Comment 6 for bug 1773449

Revision history for this message
Ryan Beisner (1chb1n) wrote : Re: VMs do not survive host reboot

Three fronts to dig into:

1. Please also describe in more detail the procedure which is used to reboot the compute node(s). Is this a cold power-off? Is it `sudo reboot`? Or something else?

2. Typically when a nova compute node is rebooted, the instances on that compute node are not automatically started upon boot of the underlying host. This is as advised by my engineering team, and our support teams. This ensures that an operator is well-aware of a compute node which has rebooted. The compute node will come back up with all of its instances in a SHUTDOWN state. Once the compute node, and all of the corresponding services and storage components are confirmed as up, the operator should then start the nova instances. This is by design, default behavior.

What is not clear, is if this site has overridden that logic, attempting to automatically start nova instances upon server boot, or not. Please confirm and clarify this point on this deployment.
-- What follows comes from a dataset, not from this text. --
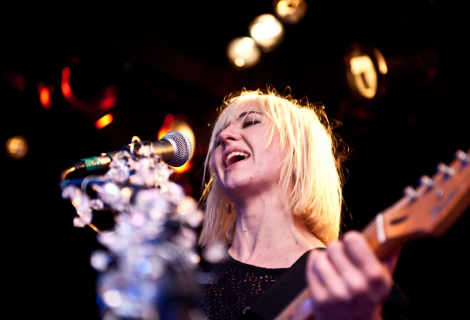 The Joy Formidable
3. The next observation is that this appears to be a classic linux admin type issue (a server was rebooted and did not cleanly unmount a filesystem, therefore is grumpy on the next boot), indicated by the classic symptom:

Warning: fsck not present, so skipping root file system

[ 3.310173] EXT4-fs (vda1): INFO: recovery required on readonly filesystem

[ 3.311654] EXT4-fs (vda1): write access will be enabled during recovery

[ 5.419286] blk_update_request: I/O error, dev vda, sector 2048

[ 5.420745] Buffer I/O error on dev vda1, logical block 0, lost async page write

[ 5.422560] Buffer I/O error on dev vda1, logical block 1, lost async page write

[ 5.436351] blk_update_request: I/O error, dev vda, sector 3080

[ 5.437718] Buffer I/O error on dev vda1, logical block 129, lost async page write

[ 5.439603] Buffer I/O error on dev vda1, logical block 130, lost async page write

[ 5.441540] Buffer I/O error on dev vda1, logical block 131, lost async page write

[ 5.443487] Buffer I/O error on dev vda1, logical block 132, lost async page write

[ 5.445412] Buffer I/O error on dev vda1, logical block 133, lost async page write

[ 5.447183] Buffer I/O error on dev vda1, logical block 134, lost async page write

[ 5.454432] blk_update_request: I/O error, dev vda, sector 3136

[ 5.456074] Buffer I/O error on dev vda1, logical block 136, lost async page write

[ 5.464320] blk_update_request: I/O error, dev vda, sector 3176

[ 5.465891] Buffer I/O error on dev vda1, logical block 141, lost async page write

[ 5.481109] blk_update_request: I/O error, dev vda, sector 3208

[ 5.500706] blk_update_request: I/O error, dev vda, sector 3232

[ 5.515074] blk_update_request: I/O error, dev vda, sector 3424

[ 5.532104] blk_update_request: I/O error, dev vda, sector 3504

[ 5.547614] blk_update_request: I/O error, dev vda, sector 3632

[ 5.557725] blk_update_request: I/O error, dev vda, sector 4072

[ 6.726649] JBD2: recovery failed

[ 6.727554] EXT4-fs (vda1): error loading journal

[ 6.732916] VFS: Dirty inode writeback failed for block device vda1 (err=-5).

mount: mounting /dev/vda1 on /root failed: Input/output error

done.

We will await further detail to this and the other items referenced. Thanks for your help.